Cross-View World Models
Rishabh Sharma, Gijs Hogervorst, Wayne E. Mackey, David J. Heeger, Stefano Martiniani
TL;DR
Cross-view prediction enables world models to imagine outcomes from multiple viewpoints, not just egocentric perspectives, by enforcing view-invariant 3D representations through a cross-view prediction objective. Trained on synchronized multi-view gameplay data, XVWM produces parallel imagination streams across viewpoints and demonstrates spatial grounding comparable to cognitive maps, as well as positive transfer to same-view predictions. The approach yields novel capabilities such as sub-marker localization, trajectory consistency over long rollouts, and detailed egocentric predictions from a BEV marker, highlighting its potential for planning and multi-agent perspective-taking. This work advances self-supervised world modeling by leveraging cross-view consistency as a geometric regularizer and offers a foundation for robust, perspective-aware planning in complex environments.
Abstract
World models enable agents to plan by imagining future states, but existing approaches operate from a single viewpoint, typically egocentric, even when other perspectives would make planning easier; navigation, for instance, benefits from a bird's-eye view.
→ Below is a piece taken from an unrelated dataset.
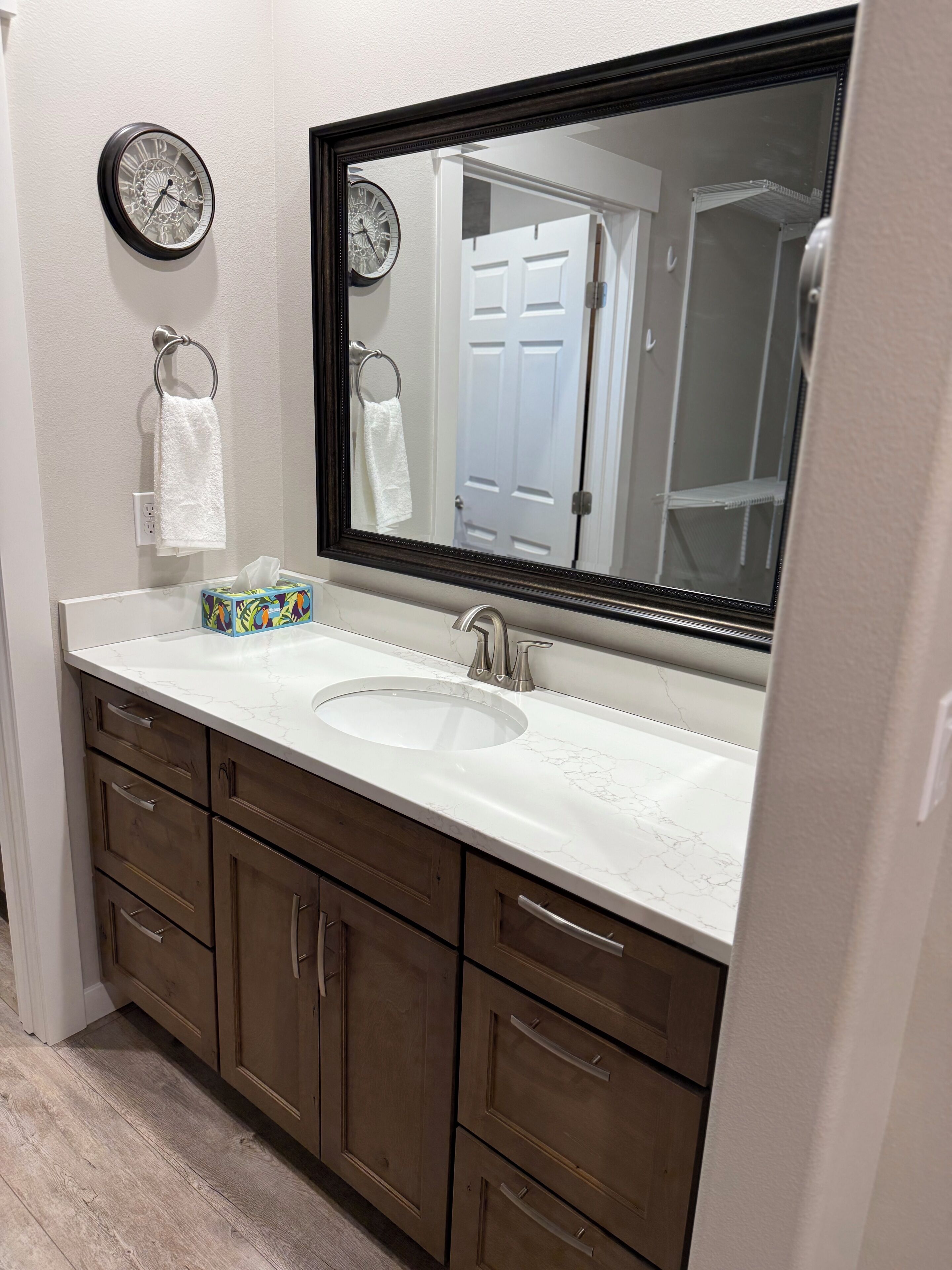 Une salle de bain avec un grand miroir, un lavabo, des meubles en bois et une horloge au mur.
We introduce Cross-View World Models (XVWM), trained with a cross-view prediction objective: given a sequence of frames from one viewpoint, predict the future state from the same or a different viewpoint after an action is taken. Enforcing cross-view consistency acts as geometric regularization: because the input and output views may share little or no visual overlap, to predict across viewpoints, the model must learn view-invariant representations of the environment's 3D structure. We train on synchronized multi-view gameplay data from Aimlabs, an aim-training platform providing precisely aligned multi-camera recordings with high-frequency action labels. The resulting model gives agents parallel imagination streams across viewpoints, enabling planning in whichever frame of reference best suits the task while executing from the egocentric view. Our results show that multi-view consistency provides a strong learning signal for spatially grounded representations. Finally, predicting the consequences of one's actions from another viewpoint may offer a foundation for perspective-taking in multi-agent settings.